The relationship between cardiac output and O₂ uptake (or oxygen consumption) also forms the basis for the Fick equation used to measure cardiac output:

Ventilatory threshold — The ventilatory threshold (VT), formerly referred to as the anaerobic threshold (AT), is another index used to estimate exercise capacity. It is defined as the point at which minute ventilation increases disproportionately relative to VO₂, a response that is generally seen at 60 to 70 percent of VO₂max (figure 1). The VT is a reflection of the disproportionate increase in lactic acid production by working muscles. It can be used to distinguish between noncardiac (pulmonary or musculoskeletal) and cardiac causes of exercise limitation, since patients who fatigue prior to reaching VT are likely to have a noncardiac problem [6].

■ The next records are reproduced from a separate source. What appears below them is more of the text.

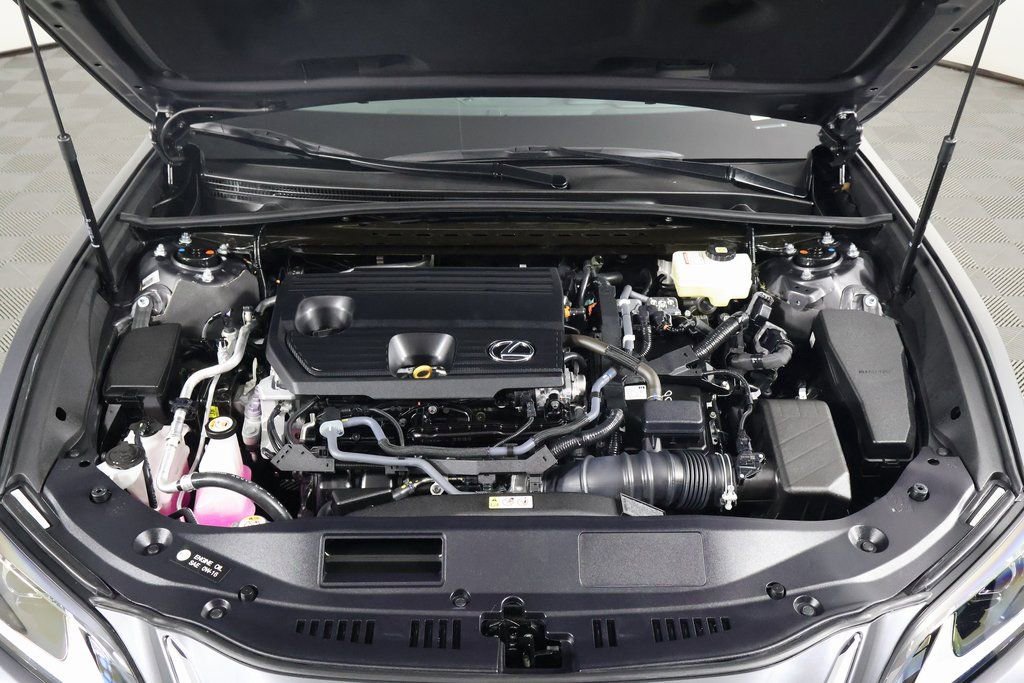 Used 2025 Lexus ES 300h w/ Premium Package image 15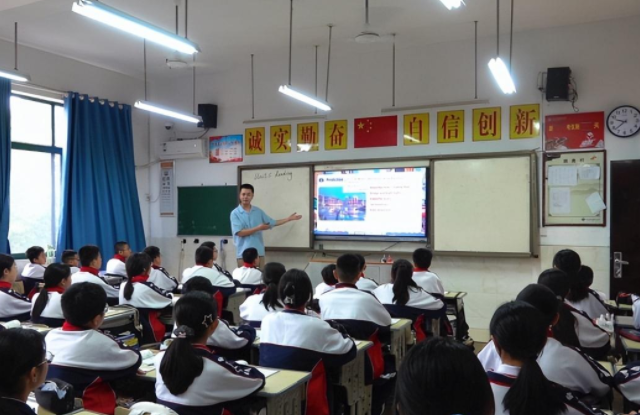 教育的数字化网络化等特点使其较传统教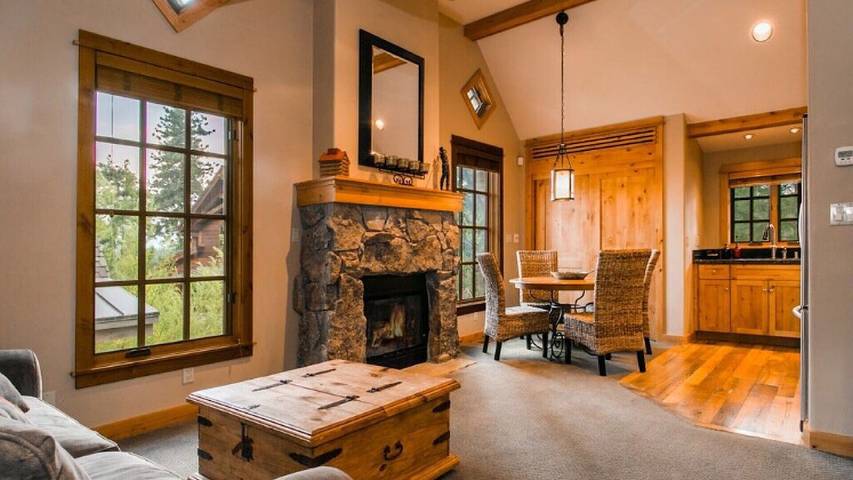 Vacation rental for 25 people, with hot tub and pool as well as yard in Truckee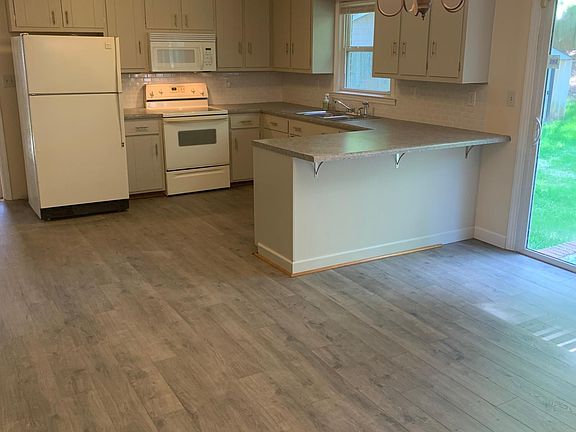 Large kitchen 22 cu ft fridge, microwave, glass top stove and microwave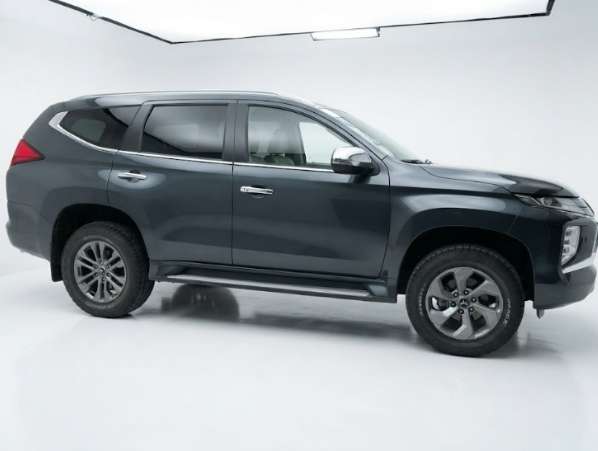 Mitsubishi SPORT 2025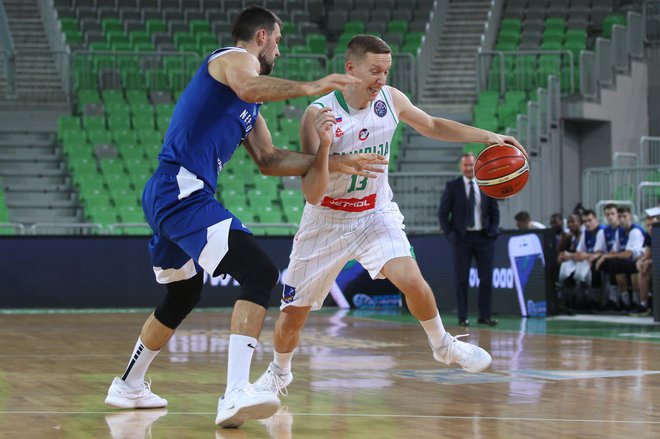 Miha Lapornik (z žogo) je tako kot Jan Špan dosegel 16 točk v Rogapki Slatini. FOTO: Voranc Vogel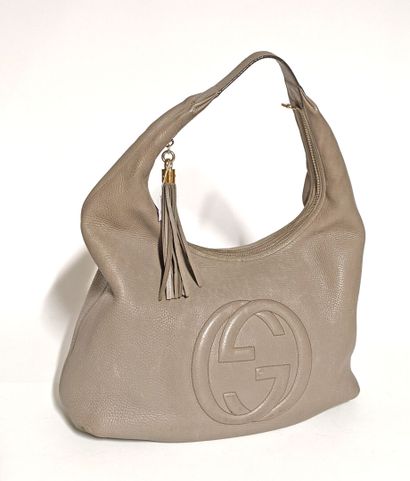 GUCCI
Sac cabas porté épaule en cuir grainé...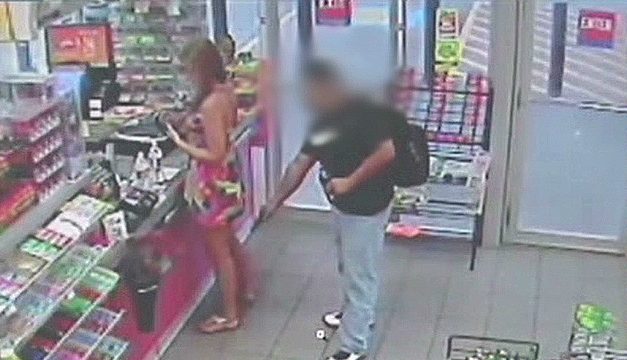 A brit uralkodó jóváhagyta a szoknya alá fotózást tiltó törvényt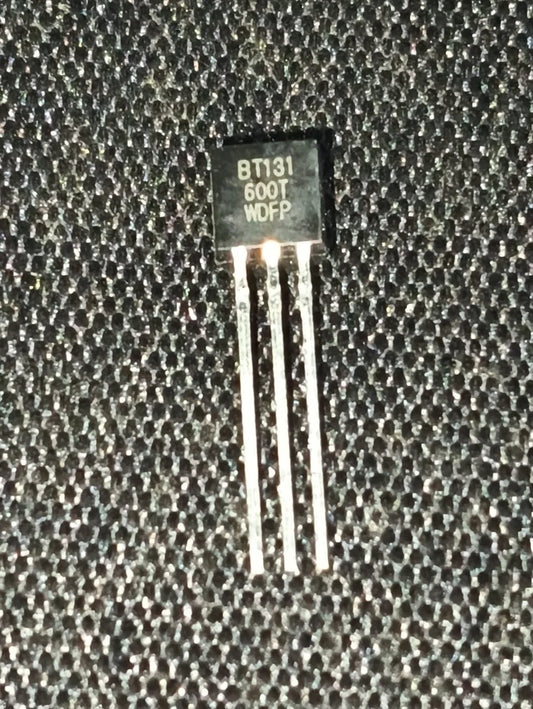BT131-600T 600V 1 bidirectional thyristor TO-92-3 TRIAC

Six-minute walk test — The six-minute walk test is a useful, simple, and inexpensive test that correlates with VO₂max and outcomes and has been used in clinical trials [8-11]. This submaximal exercise test measures the distance ambulated on a level hallway surface during six minutes as described in the 2002 American Thoracic Society (ATS) statement on the six-minute walk test.  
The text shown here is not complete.